Reporter: Agung Hidayat | Editor: Rizki Caturini
KONTAN.CO.ID - JAKARTA. Kementerian Perindustrian (Kemperin) menjabarkan di tahun 2017 lalu pertumbuhan sektor Industri Kimia, Tekstil dan Aneka (IKTA) berada di angka 4,42%. Jumlah ini masih terbilang rendah dibandingkan pertumbuhan ekonomi makro nasional.
Menurut Achmad Sigit Dwiwahjono, Dirjen Industri Kimia, Tekstil dan Aneka (IKTA), pertumbuhan industri petrokimia lebih tinggi dari rata-rata industri lainnya. Tahun lalu pertumbuhan industri petrokimia dari hulu baik pemasok bahan baku plastik sampai pupuk berada di kisaran 7,6%.

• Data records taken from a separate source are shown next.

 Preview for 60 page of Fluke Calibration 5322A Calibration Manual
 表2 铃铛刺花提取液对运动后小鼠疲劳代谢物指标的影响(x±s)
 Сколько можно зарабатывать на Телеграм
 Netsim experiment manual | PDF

Pada tahun 2018 ini pertumbuhan sektor petrokimia diproyeksi masih sama dengan pertumbuhan tahun lalu. "Adapun sektoir IKTA tahun ini sektor dipatok tumbuh 4,75%, ujar Sigit saat konferensi "Indonesia Petrochemical & Plastic Industry Outlook 2018", Senin (5/2).
Sementara kondisi yang tengah dihadapi industri petrokimia saat ini ialah banyaknya jumlah impor. Tahun lalu Kemperin mencatat jumlah produk impor produk petrokimia dari hulu sampai hilir mencapai Rp 220 triliun. Jumlah tersebut hampir memakan porsi 70% dari total impor sektor IKTA.
"Oleh karena itu kami dorong supaya sektor hulu seluruh lini petrokimia menguat," tutur Sigit.
Kemperin menghitung, saat ini kebutuhan akan produk petrokimia mencapai 5 juta ton. Namun produksi di sektor hulu masih sekitar 1 juta ton. Sehingga masih ada minus di kisaran 4 juta ton. "Akibatnya sektor hilir di industri ini masih mengandalkan 90% kebutuhan bahan bakunya dari impor," ujar Sigit.
Kemperin menargetkan dalam waktu lima tahun ke depan produksi nasional dapat memenuhi permintaan tersebut. Selain itu, saat ini Kemperin tengah mendorong keberadaan pabrik petrokimia berbasis gasifikasi batubara. Sayangnya jenis produksi tersebut masih belum banyak diminati perusahaan di dalam negeri.